• [Assignment]: Set down the listing below again, exactly as written.

• [Data shown]:
[Start of Attachment]
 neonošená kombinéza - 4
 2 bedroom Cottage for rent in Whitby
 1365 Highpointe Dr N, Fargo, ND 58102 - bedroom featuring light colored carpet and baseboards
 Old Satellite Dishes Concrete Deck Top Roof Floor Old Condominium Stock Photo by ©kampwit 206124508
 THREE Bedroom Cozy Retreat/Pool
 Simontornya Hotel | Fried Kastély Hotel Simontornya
[End of Attachment]
• [Exercise response]:
 neonošená kombinéza - 4
 2 bedroom Cottage for rent in Whitby
 1365 Highpointe Dr N, Fargo, ND 58102 - bedroom featuring light colored carpet and baseboards
 Old Satellite Dishes Concrete Deck Top Roof Floor Old Condominium Stock Photo by ©kampwit 206124508
 THREE Bedroom Cozy Retreat/Pool
 Simontornya Hotel | Fried Kastély Hotel Simontornya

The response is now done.